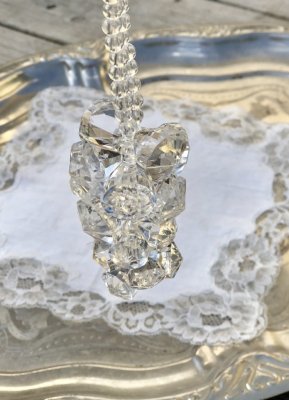 Vackert dekorations hänge med klara diamant formade  prismor trädda på tråd. Prismorna är formade som en klase med vackert fallS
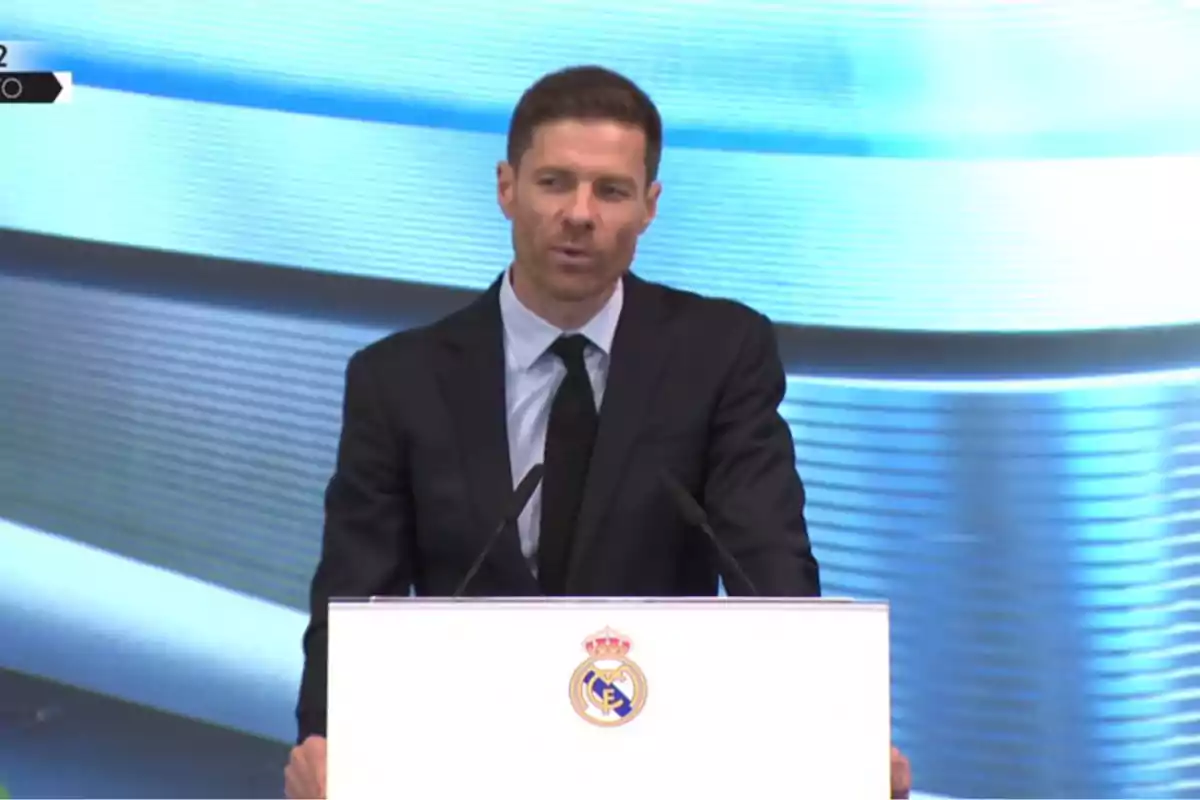 Man in a suit speaking at a podium with the Real Madrid crest on the front and a light blue background. Man in a suit speaking at a podium with the Real Madrid crest on the front and a light blue background.
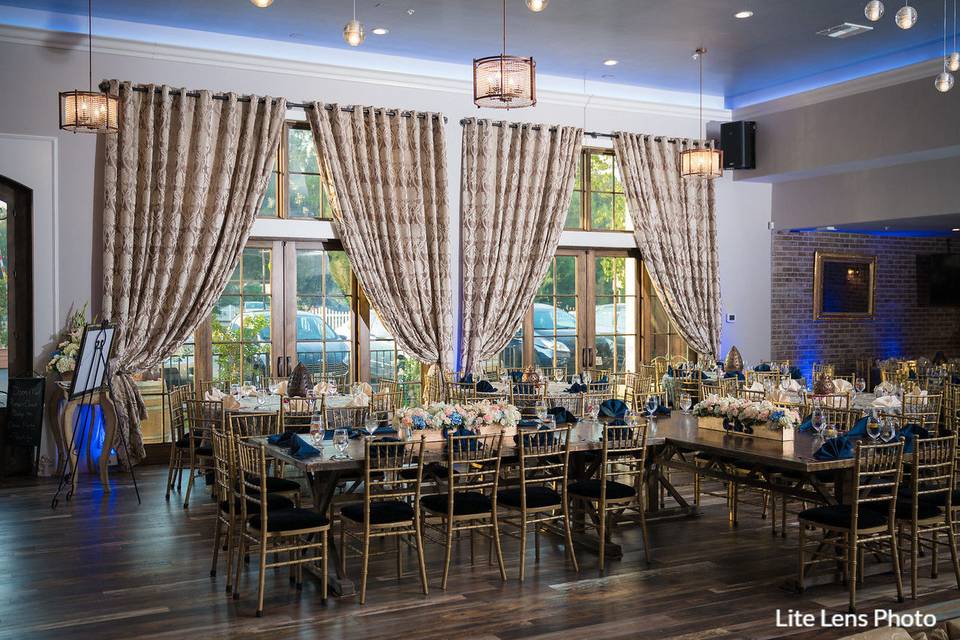 Main ballroom with farm house tables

WORK TASK :: Write out the data above in full and exactly, but without the pictures.

PROBLEM SOLUTION ::
 Vackert dekorations hänge med klara diamant formade  prismor trädda på tråd. Prismorna är formade som en klase med vackert fallS
 Man in a suit speaking at a podium with the Real Madrid crest on the front and a light blue background. Man in a suit speaking at a podium with the Real Madrid crest on the front and a light blue background.
 Main ballroom with farm house tables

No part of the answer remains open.